BRIDGES:The Accursed Monumentalists


BRIDGES:The Accursed Monumentalists

Originally published in issue 38 of Tollroads Newsletter, which came out in Apr 1999.

Page:13

Subjects:monumentalism signature span
jerry brown

Facilities:PBA Bay bridge

Agencies:Caltrans PBA

Locations:CA NY

Caltrans in the Bay area is embroiled in battles over the esthetics of a replacement span for the eastern part of the San Francisco-Oakland Bay bridge. The stretch of water to be re-spanned – between Yerba Buena Is and Oakland – is mostly quite shallow, and it is most sensibly bridged with a clean-lined concrete or steel box girder design on a bunch of modest columns. But the Oakland mayor, famous 50s-hippie and former governor, Jerry Brown has gotten big into monuments in his old age and stirred up support for his very own Golden Gate type bridge as the entryway to Oakland – which when I last visited looked to have many higher priorities, especially lower local taxes and less oppressive regulation to attract some business to an area devastated and substantially depopulated by rampant crime, welfarism, and lousy schools.

Instead of defending functional bridge design, Caltrans under the Wilson Admin made the mistake of trying to buy off Mayor Brown by coming up with an unnecessary cable-stayed suspension span over a narrow secondary shipping channel. Not good enough, says Brown, who now won’t go along with anything less than a “real” signature bridge. Give em’ a foot of a span and they’ll take a mile.

A sensible architectural principle is that form should follow function. In shallow water where piers are relatively cheap you have a lot of them to save on the size and cost of the bridge beam. But over deep water piers become hugely expensive and it makes sense to put materials and money into a fancy ‘beam.’ That’s when you validly get into great arches and suspension arrangements from grand soaring towers. Where you don’t need to do that, it is disgusting waste and absurd pretense.

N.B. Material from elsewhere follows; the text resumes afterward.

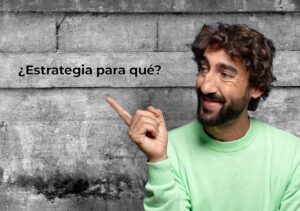 publicidad sin estrategia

We’re not knocking concern for esthetics, just redundant structure. There’s every reason to make the lines and detailing of every structure pleasing, within the guidelines of form following function. It usually doesn’t cost much, indeed it often saves resources, to have smooth lines and to avoid eye-jarring inconsistencies; to find a good pattern and replicate it, many times, or echo a visual theme with subtle changes.

But the monument builders want false or faux-bridges. They want superfluous decoration and grandiose structure. They want to pretend they have built something very daring and difficult, that they struggled against great odds, and have overcome a great natural obstacle. In other words they are phonies, pretenders, conmen. Spendthrifts with other people’s money. They don’t want to admit that their little backyard is really quite plain and ordinary, and rather lacking in engineering challenge. And often, like the magician at a critical point in the act, they need a striking construct out there in the distance to distract attention from the squalor they have created in their other policies and projects.

If Jerry Brown gets his way and the taxpayers of California are landed with a bill of $200m or so to satisfy this guy’s ego, everyone should at least know the fanciful structure over the Bay as the Moonbeam Bridge in memory of the nickname his opponents gave him when he was a big-spending high-tax governor in the 60s. Brown’s lasting accomplishment was generating the political backlash in California that swept Ronald Reagan into the state governor’s mansion, and then to the White House.